Help for package splithalf

Type:

Package

Title:

Calculate Task Split Half Reliability Estimates

Version:

0.8.2

Maintainer:

Sam Parsons <sam.parsons@radboudumc.nl>

Description:

Estimate the internal consistency of your tasks with a permutation based split-half reliability approach. Unofficial release name: "I eat stickers all the time, dude!".

Depends:

R (≥ 3.5)

Imports:

tidyr, dplyr, stats, Rcpp, robustbase, ggplot2, plyr, grid, patchwork, psych, lme4, methods

LinkingTo:

Rcpp

Suggests:

knitr, rmarkdown, tools,

License:

GPL-3

Encoding:

UTF-8

LazyData:

true

RoxygenNote:

7.1.1

URL:

https://github.com/sdparsons/splithalf

BugReports:

https://github.com/sdparsons/splithalf

VignetteBuilder:

knitr

NeedsCompilation:

yes

Packaged:

2022-08-11 13:47:54 UTC; samdp

Author:

Sam Parsons [aut, cre]

Repository:

CRAN

Date/Publication:

2022-08-11 14:30:02 UTC

Visualising reliability multiverses

Description

This function allows the user to plot the output from splithalf_multiverse or testretest_multiverse. The plot includes an upper panel with all reliability estimates (and CIs) and a lower panel that indicates the data processing specifications corresponding to that reliability estimate. The (unofficial) function version name is "This function will make you a master in bird law"

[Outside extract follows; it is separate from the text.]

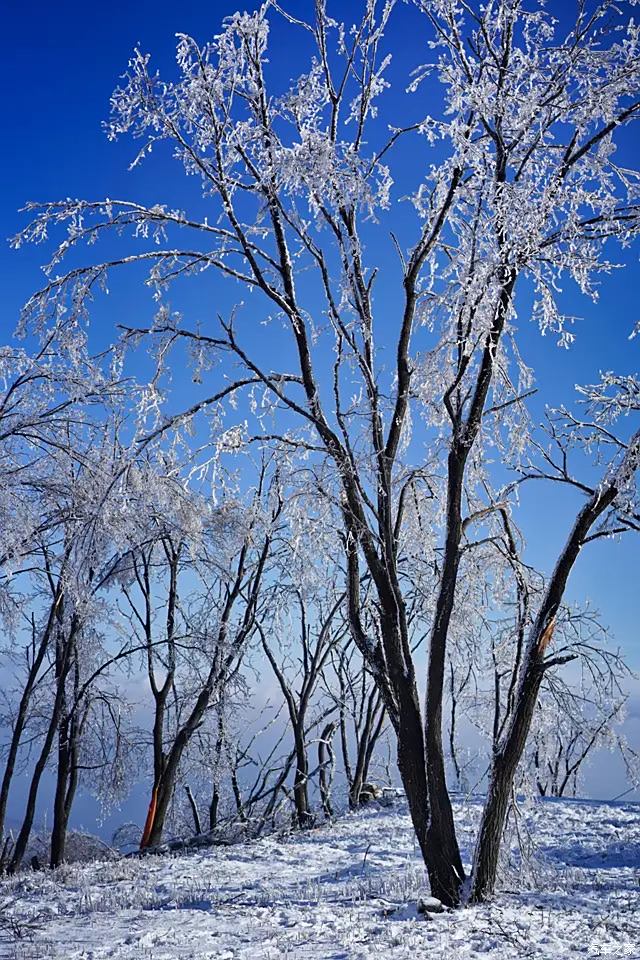 漫步在雪徑裡,總讓人想到唯美浪漫的韓劇.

This function examines the output from splithalf_multiverse or testretest_multiverse to extract the proportions of estimates above or below a set threshold (can be the estimate or the upper or lower CI estimates). The (unofficial) function version name is "This function will get you up to here with it"

Usage

multiverse.plot(
  multiverse,
  title = "",
  vline = "none",
  heights = c(4, 5),
  SE = FALSE
)

threshold(multiverse, threshold, use = "estimate", dir = "above")

Arguments

multiverse

multiverse object

title

string add a title to the plot? default is ""

vline

add a vertical line to the plot, e.g. use .5 for the median reliability estimate

heights

must be a vector of length 2, relative heights of plot panels. Defaults to c(4,5)

SE

logical includes an additional panel to plot the standard errors of the scores. Note: the heights parameter must be a vector of length 3, e.g. c(2,2,3). Defaults to FALSE

threshold

threshold to look for, e.g. 0.7

use

set to check the reliability "estimates", or the "upper" or "lower" CIs

dir

look "above" or "below" the 'use' at the set threshold

Value

Returns a visualization of a multiverse object

Examples

## Not run: 
## see online documentation for examples
https://github.com/sdparsons/splithalf
## also see https://psyarxiv.com/y6tcz

## example simulated data
n_participants = 60 ## sample size
n_trials = 80
n_blocks = 2
sim_data <- data.frame(participant_number = rep(1:n_participants,
                       each = n_blocks * n_trials),
                       trial_number = rep(1:n_trials,
                       times = n_blocks * n_participants),
                       block_name = rep(c("A","B"),
                       each = n_trials,
                       length.out = n_participants * n_trials * n_blocks),
                       trial_type = rep(c("congruent","incongruent"),
                       length.out = n_participants * n_trials * n_blocks),
                       RT = rnorm(n_participants * n_trials * n_blocks,
                       500,
                       200),
                       ACC = 1)

## specify several data processing decisions
specifications <- list(RT_min = c(0, 100, 200),
                       RT_max = c(1000, 2000),
                       averaging_method = c("mean", "median"))
## run splithalf, and save the output
difference <- splithalf(data = sim_data,
                        outcome = "RT",
                        score = "difference",
                        conditionlist = c("A"),
                        halftype = "random",
                        permutations = 5000,
                        var.RT = "RT",
                        var.condition = "block_name",
                        var.participant = "participant_number",
                        var.compare = "trial_type",
                        var.ACC = "ACC",
                        compare1 = "congruent",
                        compare2 = "incongruent",
                        average = "mean")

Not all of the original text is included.